Fix crash on SBCommandReturnObject & assignment
ClosedPublic

Authored by jankratochvil on Sep 14 2019, 2:07 PM.

Details

Summary

I was writing an SB API client and it was crashing on:

bool DoExecute(SBDebugger dbg, char **command, SBCommandReturnObject &result) {
  result = subcommand(dbg, "help");

That is because SBCommandReturnObject &result gets initialized inside LLDB by:

bool DoExecute(Args &command, CommandReturnObject &result) override {
  // std::unique_ptr gets initialized here from `&result`!!!
  SBCommandReturnObject sb_return(&result);
  DoExecute(...);
  sb_return.Release();

Diff Detail

Repository
rL LLVM

Event Timeline

jankratochvil created this revision.Sep 14 2019, 2:07 PM

+ Jim for SB API.

I ran into this quirk of SBCommandReturnObject a couple of weeks ago, and then ran away screaming.

I agree that this approach isn't nice, but probably there isn't a nice approach to this at this point. One possibility you could consider is storing a shared_ptr<CommandRO> inside SBCommandRO and encoding the ownership into the deleter of the shared_ptr (regular deleter => owned, noop deleter => unowned).

lldb/include/lldb/API/SBCommandReturnObject.h
24 ↗(On Diff #220231)

Add a comment to explain the purpose of this function?

lldb/packages/Python/lldbsuite/test/api/command-return-object/main.cpp
18 ↗(On Diff #220231)

Is that intentional? If so, why?

23 ↗(On Diff #220231)

This looks weird. Please use a separate declaration for the variable and the class.

clayborg added inline comments.
lldb/source/API/SBCommandInterpreter.cpp
165–172 ↗(On Diff #220231)

Could this code just create a local SBCommandReturnObject and then copy the CommandReturnObject back into "result"?

 bool DoExecute(Args &command, CommandReturnObject &result) override {
    SBCommandReturnObject sb_return;
    SBCommandInterpreter sb_interpreter(&m_interpreter);
    SBDebugger debugger_sb(m_interpreter.GetDebugger().shared_from_this());
    bool ret = m_backend->DoExecute(
        debugger_sb, (char **)command.GetArgumentVector(), sb_return);
    std::swap(result, sb_return.ref());
    return ret;
}
jankratochvil marked 3 inline comments as done.Sep 17 2019, 8:00 AM

I agree that this approach isn't nice, but probably there isn't a nice approach to this at this point. One possibility you could consider is storing a shared_ptr<CommandRO> inside SBCommandRO and encoding the ownership into the deleter of the shared_ptr (regular deleter => owned, noop deleter => unowned).
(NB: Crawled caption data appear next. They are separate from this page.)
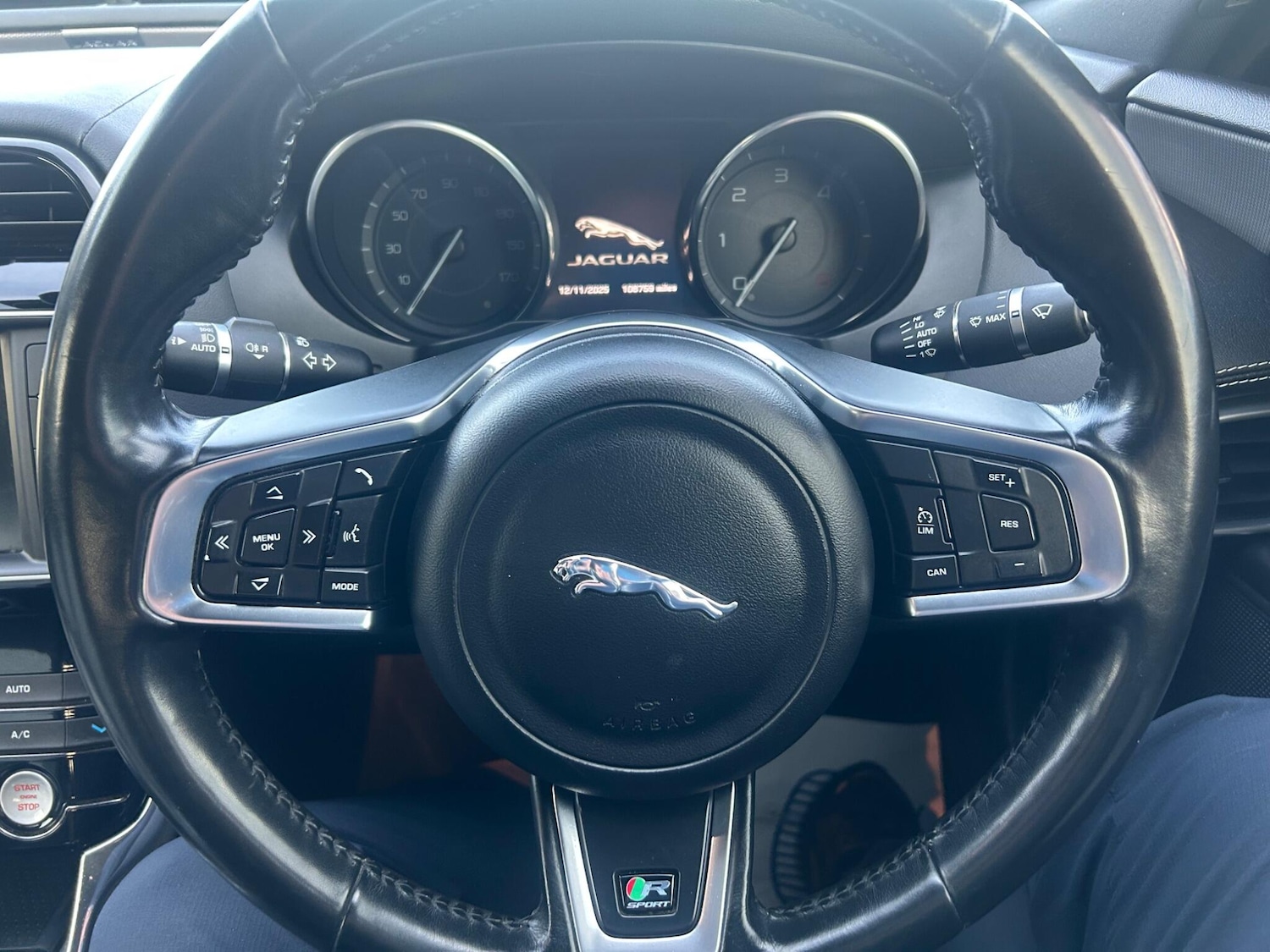 Used Jaguar XE 2016 for sale - 76667131: Photo 22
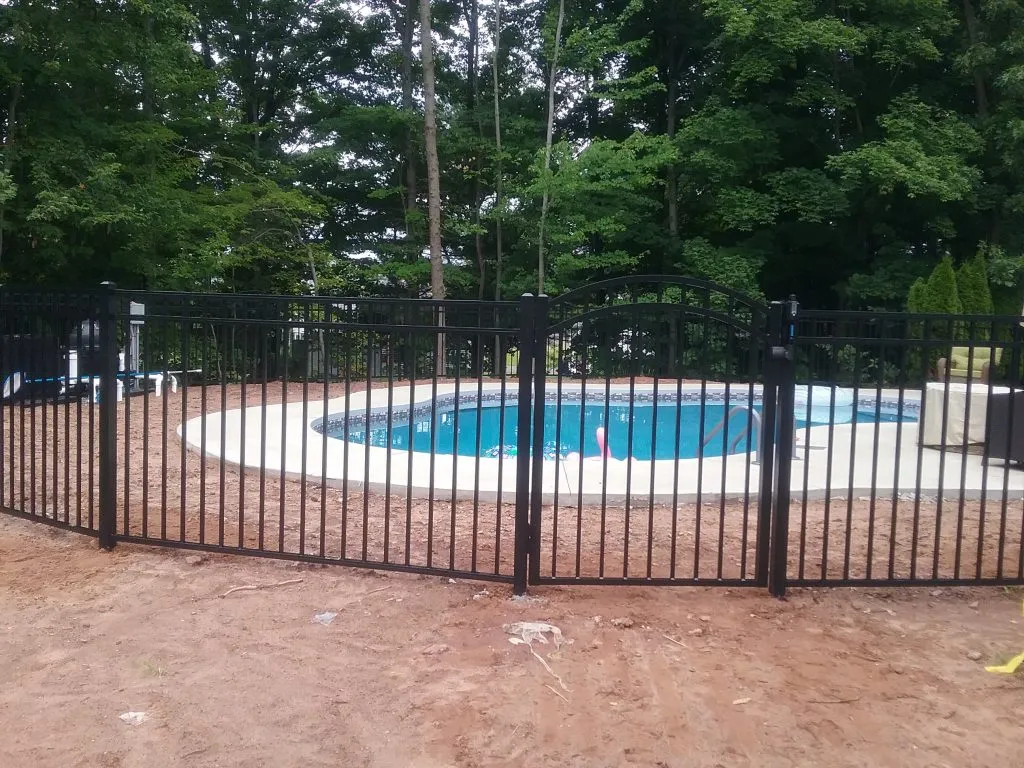 work photo from fenceitinllc.com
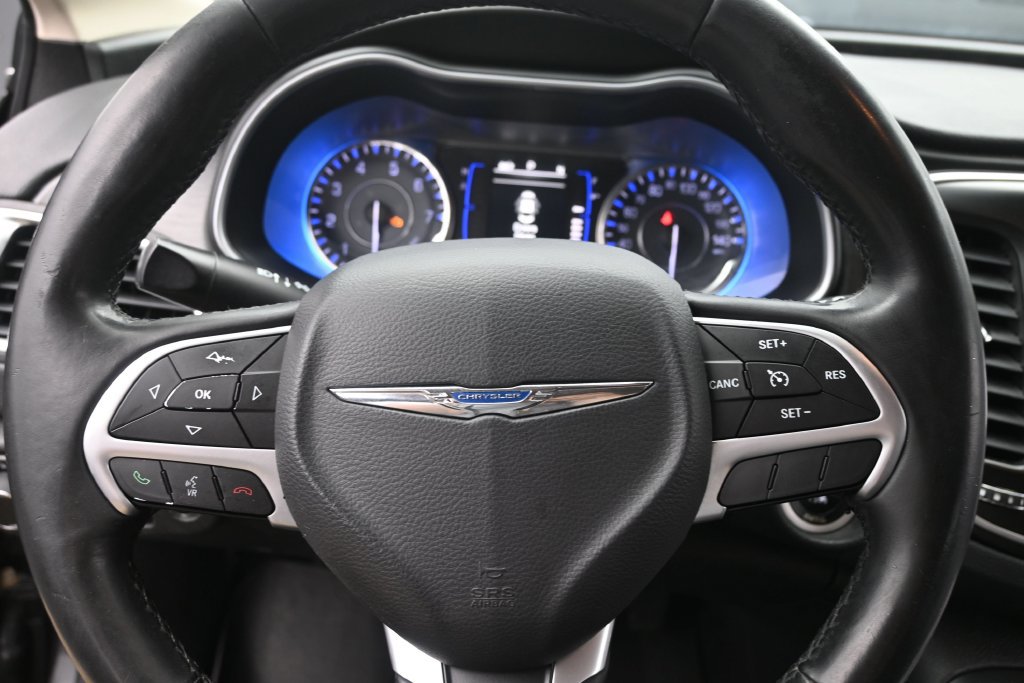 Used 2015 Chrysler 200 Limited w/ Convenience Group FWD image 30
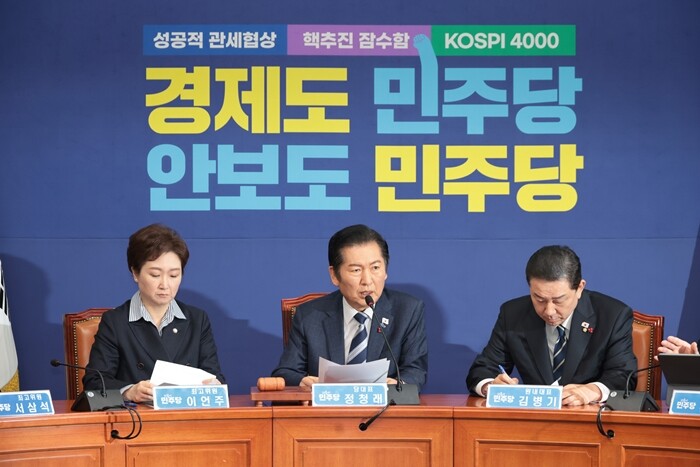 민주당이 상정해 본회의를 통과한 내란전담재판부 법안 최종안은 ‘위헌 시비’를 최대한 덜어냈다. 12월 12일 국회 민주당 대표실에서 열린 최고위원회의. 사진=이종현 기자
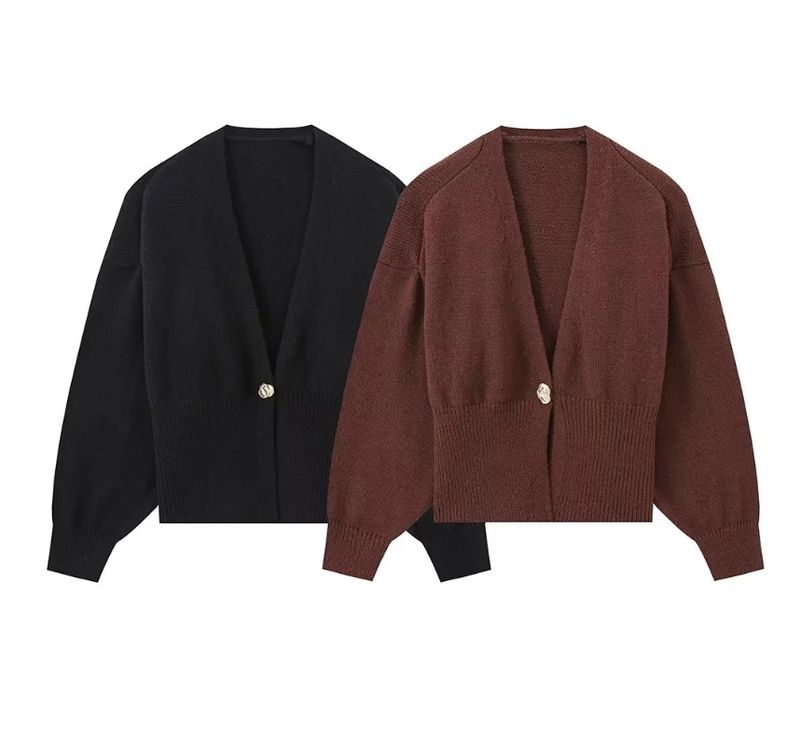Cardigan lavorato a maglia con bottoni e scollo a V da donna_voghion.com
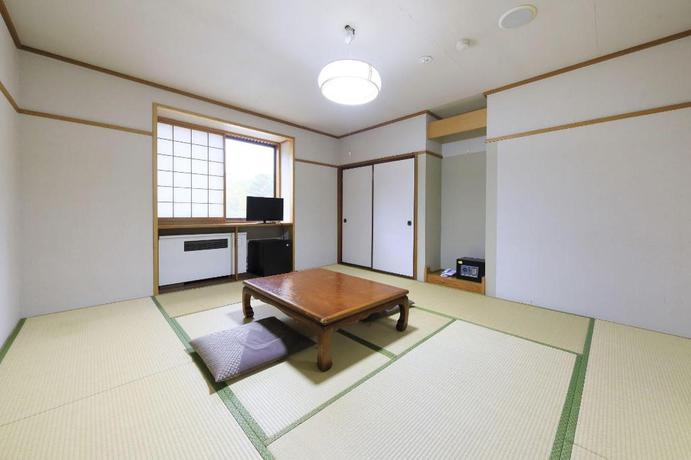 Imagen de la habitación del Hotel Yumorikamaya. Foto 4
Maybe also possibly cheaper llvm::PointerIntPair representing an associated bool for the deletion.

lldb/packages/Python/lldbsuite/test/api/command-return-object/main.cpp
18 ↗(On Diff #220231)

It has no purpose there for this bugfix but when already writing a testcase I wanted to test this generally fragile functionality.

lldb/source/API/SBCommandInterpreter.cpp
165–172 ↗(On Diff #220231)

I made it that way first but it breaks the testsuite. For example due to:

lldb/source/Commands/CommandObjectCommands.cpp:
1236	  bool DoExecute(llvm::StringRef raw_command_line,
1237	                 CommandReturnObject &result) override {
...
1242	    result.SetStatus(eReturnStatusInvalid);
 - ctored CommandReturnObject has eReturnStatusStarted.
1244	    if (!scripter ||
1245	        !scripter->RunScriptBasedCommand(m_function_name.c_str(),
1246	                                         raw_command_line, m_synchro, result,
1247	                                         error, m_exe_ctx)) {
1248	      result.AppendError(error.AsCString());
1249	      result.SetStatus(eReturnStatusFailed);
1250	    } else {
1251	      // Don't change the status if the command already set it...
1252	      if (result.GetStatus() == eReturnStatusInvalid) {
1253	        if (result.GetOutputData().empty())
1254	          result.SetStatus(eReturnStatusSuccessFinishNoResult);
1255	        else
1256	          result.SetStatus(eReturnStatusSuccessFinishResult);
1257	      }
1258	    }

So it would be possible but that would require refactorization more of the code in callers which I find outside of the scope of this patch.
This patch tries to make this bugfix fully transparent to existing code.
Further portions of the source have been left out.